Het akkoord wekte de hoop dat een escalatie van het dispuut rond het Iraans nucleair programma, met het potentieel van een algemene oorlog in het Midden-Oosten, zou kunnen voorkomen worden. Iran hoopte van zijn kant dat het economisch zou kunnen groeien en een beter leven zou kunnen geven aan zijn door de sancties verarmde bevolking, die geregeld morde, manifesteerde en staakte. De gematigde Hassan Rohani, president sedert augustus 2013, moest hard knokken tegen machtige segmenten binnen de Iraanse maatschappij die veel bezwaar hadden tegen een deal, zoals radicale sjiitische clerici, de opperste leider ayatollah Ali Khamenei, militairen en de Iraanse Revolutionaire Garde.

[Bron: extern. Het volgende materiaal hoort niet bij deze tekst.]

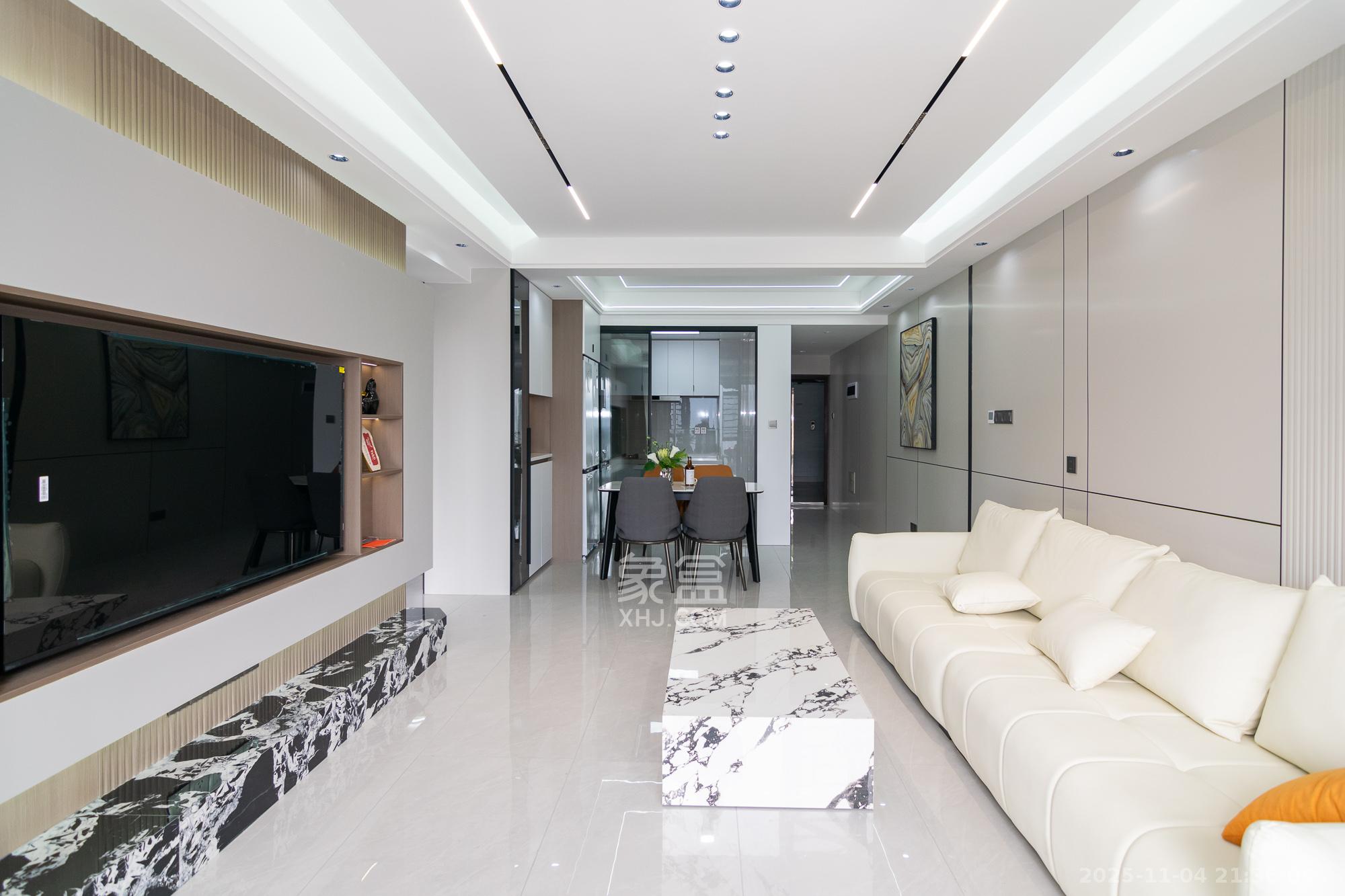 金富星城 3室2厅1卫 95.0万 金富星城 3室2厅1卫 95.0万客厅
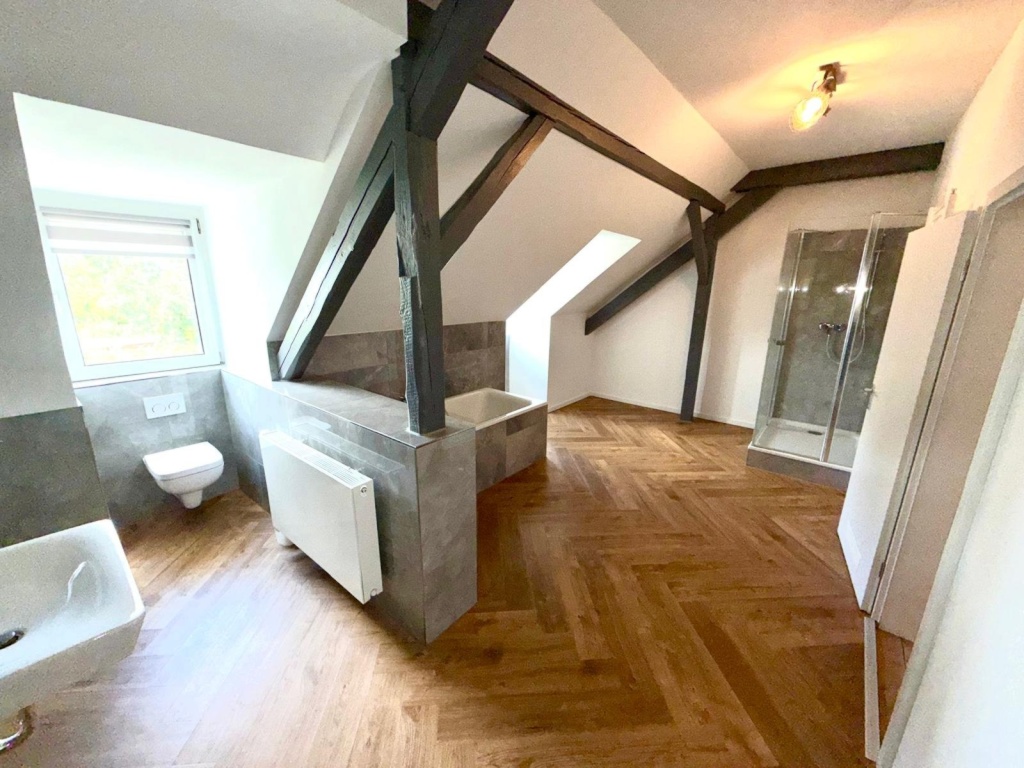 Ideal für 2er-WG | Modern sanierte DG-Wohnung in Aachen | voll möbliert | XXL-Bad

Eenmaal het nucleair akkoord gesloten was, hield Rohani zich strikt aan de bepalingen ervan om het niet in gevaar te brengen. Dat wordt ook bevestigd door alle inspectieverslagen van het IAEA. Daarmee spreekt de internationale organisatie president Trump formeel tegen, die blijft volhouden dat Iran niet te vertrouwen is en in het geheim toch nog aan 'de bom' werkt. Op 8 mei 2018, ruim een jaar na zijn aantreden, werd het nucleair akkoord eenzijdig door Trump verbroken.
Eenzijdig
Al snel bleek dat het nucleair akkoord uitsluitend door Iran nageleefd werd. Barack Obama, Amerikaans president van 2009 tot 2017, onder wie het akkoord tot stand was gekomen, hield zich niet aan zijn deel van de afspraak. Er werden wel enkele VS-sancties tegen Iran opgeheven, maar andere werden dan weer ingevoerd op andere gronden dan 'de bom'. Zo werd Teheran gestraft voor schendingen van de mensenrechten, voor zijn ballistische rakettenprogramma en voor zijn steun aan wat in de ogen van het Westen terroristische groepen zijn.
Naast de officiële sancties, saboteerde de VS alle pogingen om zaken te doen met Teheran via dubbelzinnigheid en willekeur. Om het even welk buitenlands bedrijf kon (en kan) voor een Amerikaanse rechter worden gedaagd omdat het in zijn handelsverkeer met Iran gebruik maakt(e) van de dollar of door de VS gecontroleerde internationale betalingssystemen. Zelfs internetverkeer met Iran via een server in de Verenigde Staten was (en is) al voldoende om fikse boetes te krijgen. In dit klimaat van onzekerheid was het niet te verwonderen dat ondernemingen zich niet echt durfden te engageren. De Amerikaanse markt is heel wat groter dan de Iraanse en als er moest worden gekozen tussen de VS en Iran was de keuze snel gemaakt.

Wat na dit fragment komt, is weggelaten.